Massacre in Yemen
"The role of independent youth was a new phenomenon which had gained a crucial fillip from Tunisia and Egypt. 'We’ve never had real street mobilizations,' Yemeni political scientist Abdulghani al Iryani told me, 'Tunisia and Egypt were massively significant. Before Tunisia the opposition had a demonstration of 200. After Tunisia they came in the thousands. After Egypt it became an avalanche. There is a new appreciation of collective power. What the formal political establishment could not do, to bring the people together, the youth protest has succeeded in doing...'
"The Yemeni regime responded like Arab dictators in Tunisia, Egypt, Bahrain, Libya and elsewhere. But the people’s fear was gone, and the regime’s days were numbered...
"The demonstrations continued to grow forcing the establishment opposition parties to take a more aggressive stance against the regime and leading to defections of major tribal leaders. Taghir, change, became the semi-official name for the demonstrator’s camp, and even al Jazeera referred to it as such.
"Taking advantage of the lack of any strong U.S. response to his regime’s abuses and the earthquake in Japan distracting the world’s attention Saleh’s forces increased their violent crackdown over the weekend of the 12th and 13th of March, killing at least seven protestors while injuring hundreds of others. In a pre dawn raid the youth demonstrators camped by Sanaa University were ambushed with live automatic rifle fire, rubber bullets, electrical stun guns, and some form of gas that caused terrible convulsions. The regime also began to expel the few remaining foreign correspondents covering the protests. Obama’s silence on Saleh's escalating attacks on demonstrators and its tacit support for his tactics makes it likely that when Saleh falls the government that succeeds him will be less friendly to the United States. President Salih has offered reforms but as in Tunisia, Egypt, Bahrain and Libya, once the dictator declares war on his own people his days are numbered. The recent Arab revolts have also shown that once a dictator concedes to the demands of the people he is transferring legitimacy to them, and their victory is inevitable. The chants in Yemen are now 'After Qadhafi, oh Ali!'"

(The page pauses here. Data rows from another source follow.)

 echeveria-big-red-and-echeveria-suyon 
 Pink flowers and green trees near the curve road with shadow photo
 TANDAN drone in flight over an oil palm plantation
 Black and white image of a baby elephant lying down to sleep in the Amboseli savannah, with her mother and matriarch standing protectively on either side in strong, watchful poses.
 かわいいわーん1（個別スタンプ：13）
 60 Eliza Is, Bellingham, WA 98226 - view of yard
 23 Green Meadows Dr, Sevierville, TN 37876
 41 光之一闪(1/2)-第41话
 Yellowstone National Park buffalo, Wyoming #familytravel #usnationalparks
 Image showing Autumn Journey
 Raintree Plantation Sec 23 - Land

Salih's crackdown escalated into a massacre yesterday which has further galvanized the opposition:
"Thousands of Yemenis poured into the capital's al Tagheer Square yesterday to show solidarity to victims of a government assault a day earlier that left at least 50 protesters dead and more than 600 wounded.
"The violence in Sana'a on Friday prompted President Ali Abdullah Saleh to declare a state of emergency after weeks of unrest that have rocked the ruling government despite a raft of reforms and concessions meant to appease the protest movement...
"Despite the emergency decree, which limits public gatherings, about 15,000 teachers joined the protest yesterday in Sana'a after the Joint Meeting Parties, a six-party opposition, called on Yemenis to take to the streets."
The involvement of professional associations was a key factor in both Egypt and Tunisia, and its appearance in Yemen should definitely worry the regime. However, as Barak Barfi notes, Salih still has bases of support, and this could become bloody after the fashion of Libya or Bahrain before all is said and done.